If Mavericks is trying to Meta-tag connected external HD data (RAID or otherwise) and there is either a partition structure, or software (WD) interference,...I can easily see problems.



Just a logical theory,.......given the broad-spectrum nature of HD affected (certainly not just WD RAID or WD software related),... that this all stems to a possible OpenMeta fault.

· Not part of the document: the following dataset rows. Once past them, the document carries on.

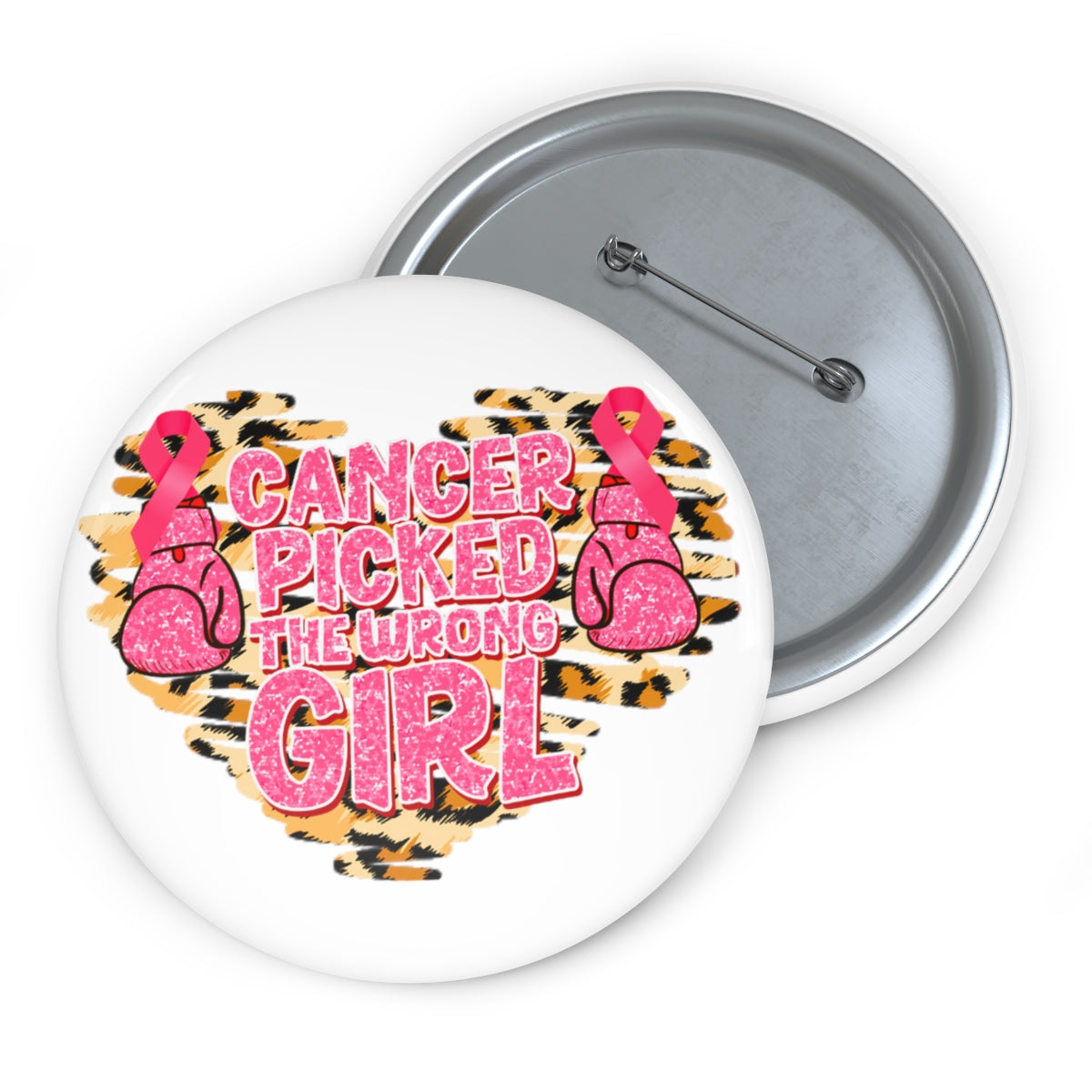 Cancer Picked the Wrong Girl Pin Buttons| Breast Cancer Awareness Pin Back Buttons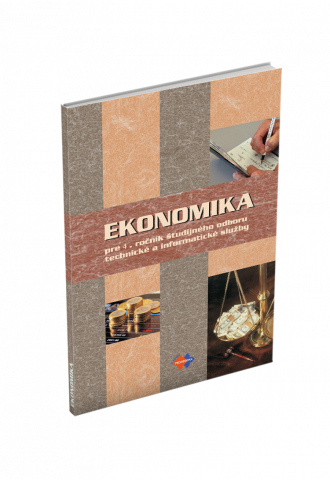EKONOMIKA pre 4. ročník študijného odboru technické a informatické služby EKONOMIKA pre 4. ročník študijného odboru technické a informatické služby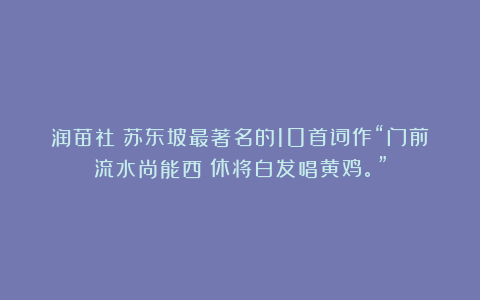 润苗社：苏东坡最著名的10首词作“门前流水尚能西！休将白发唱黄鸡。”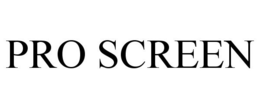 PRO SCREEN trademark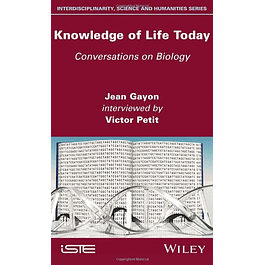 Knowledge of Life Today: Conversations on Biology
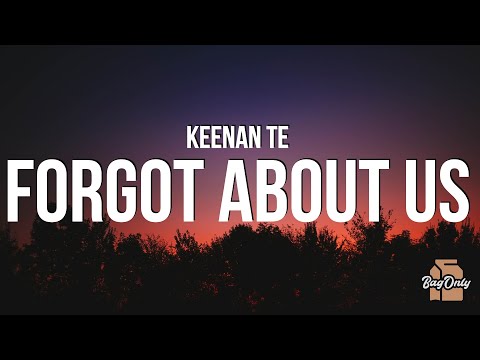 Keenan Te - Forgot About Us (Lyrics)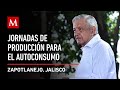 AMLO encabeza Jornadas de producción para el autoconsumo en Jalisco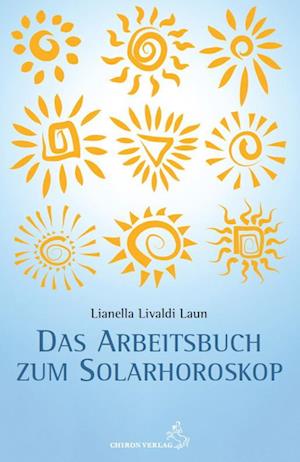 Cover for Lianella Livaldi Laun · Arbeitsbuch zum Solarhoroskop (Bok) (2023)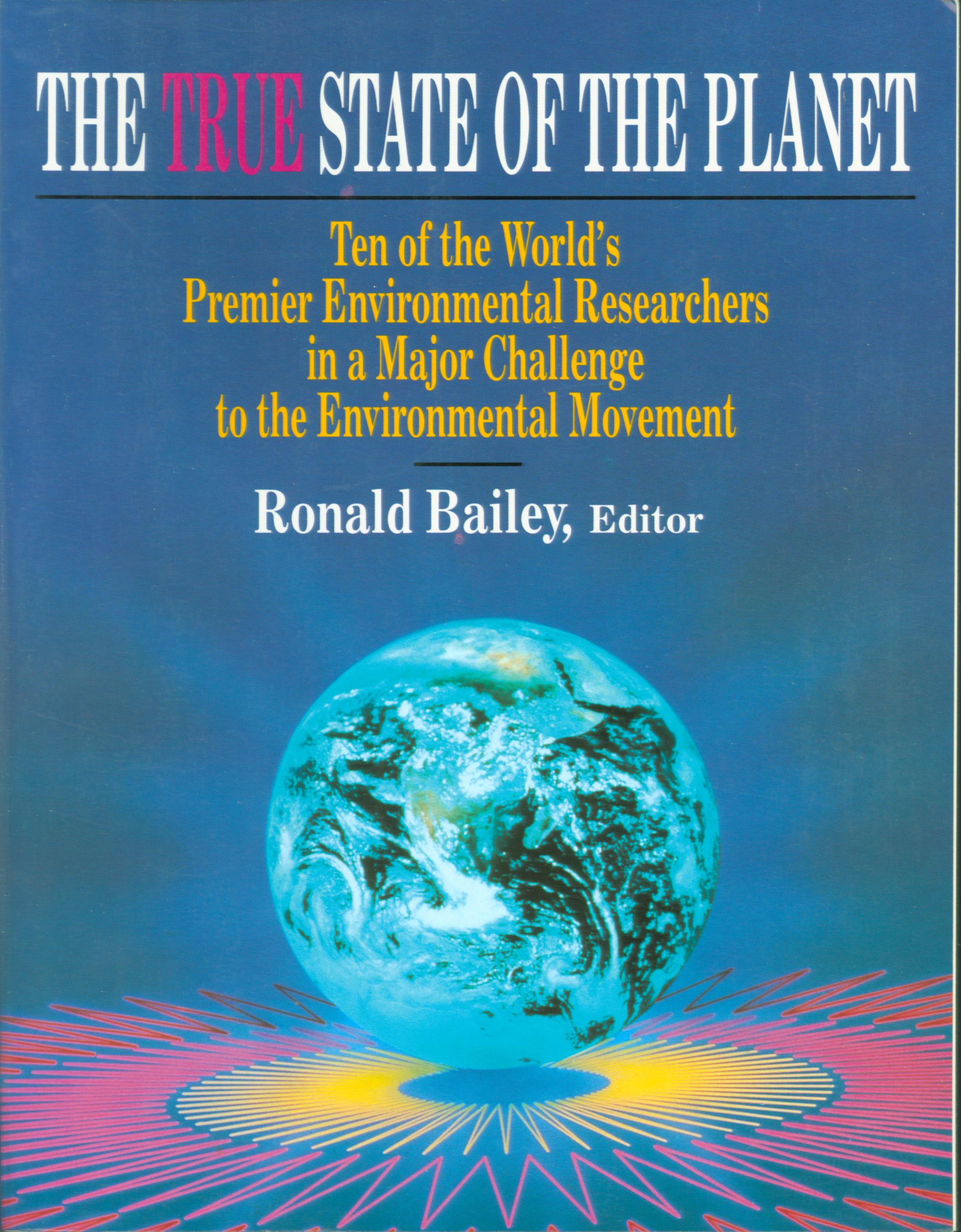 THE TRUE STATE OF THE PLANET: ten of the world's premier environmental researchers in a major challenge to the environmental movement.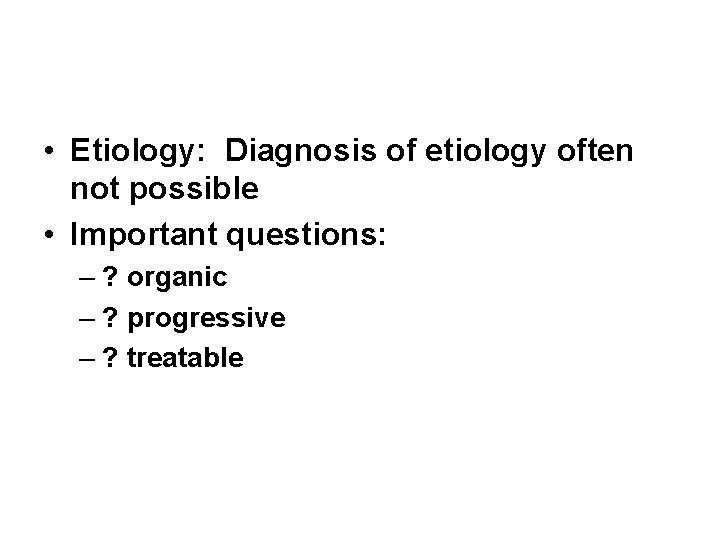  • Etiology: Diagnosis of etiology often not possible • Important questions: – ?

Since MOST ALL of these reports of data corruption boil down to the complete loss of user defined meta-data, and that metadata is stored in extended attributes [Xattr],...Spotlight indexer may be initiated to add to (corrupt) the database for spotlight, letting it become searchable but ends up being corrupted.


Since openmeta uses setxattr()/getxattr(),......the question for the "Coders" is how is this causing a data corruption fault on external HD with Mavericks finder/spotlight?

Nov 14, 2013 11:36 AM in response to PlotinusVeritas

Perhaps I have misunderstood, but isn't Spotlight metadata stored at the file system level, e.g. in the /.Spotlight-V100 folder?


If it is only metadata that disappears the disk catalog should still be intact (file & folder locations), since that is a feature of the partition structure?


Apologies if I am off the mark, but I thought the damage that was occurring was that the disks were re-partitioned. During that process any subsequent writes could overwrite the old catalog & partition data, I'd also imagine that the new /.Spotlight-V100 is added right after the botched re-partitioning, so that could become overwritten pretty quickly after the change.


Personally I'd be looking at ways to recover the old partition, so that the Spotlight data may be recoverable. Doing a file recovery will only gather the files if the tool only carves files by file headers. Most metadata will be a feature of the catalog (date changed, filename) but the xattrs will be set within the Spotlight DB.